This series might be the longest-running commitment in my life right now. Ha. That’s probably because it doesn’t feel like a chore or an obligation, just something that comes into being over time.
It’s funny: there are only three playlists so far, but they span three years, which is too long and too short a timeframe at once. A lot can happen in three years — a lot did happen — but so much also stays the same.
Just reliving all these tracks again, 2019 feels almost as tumultuous as the years that came before. In some ways, the facts agree: leaving a job designed for somebody much older than I was; moving to a different country by myself; navigating a new programme and new expectations and new people in an entirely foreign environment. I took on a lot, and the enormity of these changes is jarring in retrospect. As much as I fretted about everything at the time, in the end, it was a matter of getting through each day, and that didn’t feel quite so huge in practice.
At the same time, though, not a lot has changed.
I got by mostly thanks to the openness, generosity, and kindness of different people. From G and his family to my classmates to professors and school staff, plus my friends (who put up with so many late-night calls and lengthy messages) and even, surprisingly, my parents — there was an outpouring of help, far more than I deserved, and that’s the sole reason I’m around to type this.
Which is to say, there was no point when it felt like I’d undergone some kind of massive personal upgrade. I don’t feel that much different as a person, not significantly more skilled or competent than I was before. Objectively speaking, I know more about various topics like media relations, behavioural science, data science. But that all feels external, or at least removed from my fundamental qualities as a person, if that makes any sense.
I feel, at the most basic level, the same as I have ever been.
Is that sad? All the changes of 2019 came about because I thought things would be better if I just tried to do something else.
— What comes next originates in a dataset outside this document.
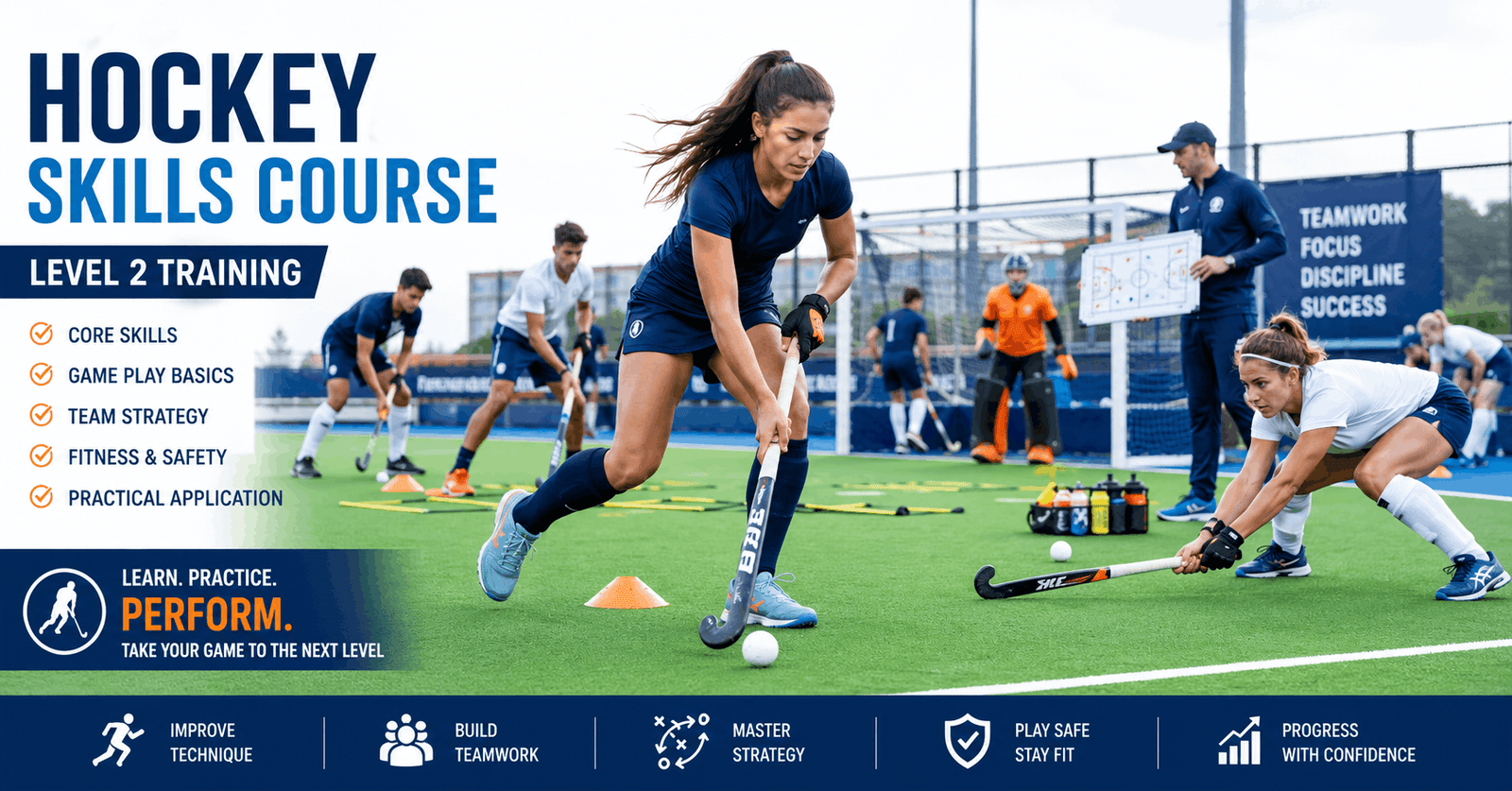 Players practising drills and teamwork during a hockey skills course on a professional hockey field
As though my life would improve if I could just capture whatever it was I was chasing after — even if I was never clear on what it was beyond just more space, I guess, and change.
In retrospect, this is a persistent pattern: I keep asking for change, terrified and thrilled by it at the same time; and some part of me expects that change to wipe the board clean and that act of resetting to automatically translate to something better.
It doesn’t, of course. If there’s any lesson that I hope will stick after this whirlwind Singapore experience, it’s that: the recognition that no big endeavor or event will ever be enough to give me all the answers, and certainly not in one go.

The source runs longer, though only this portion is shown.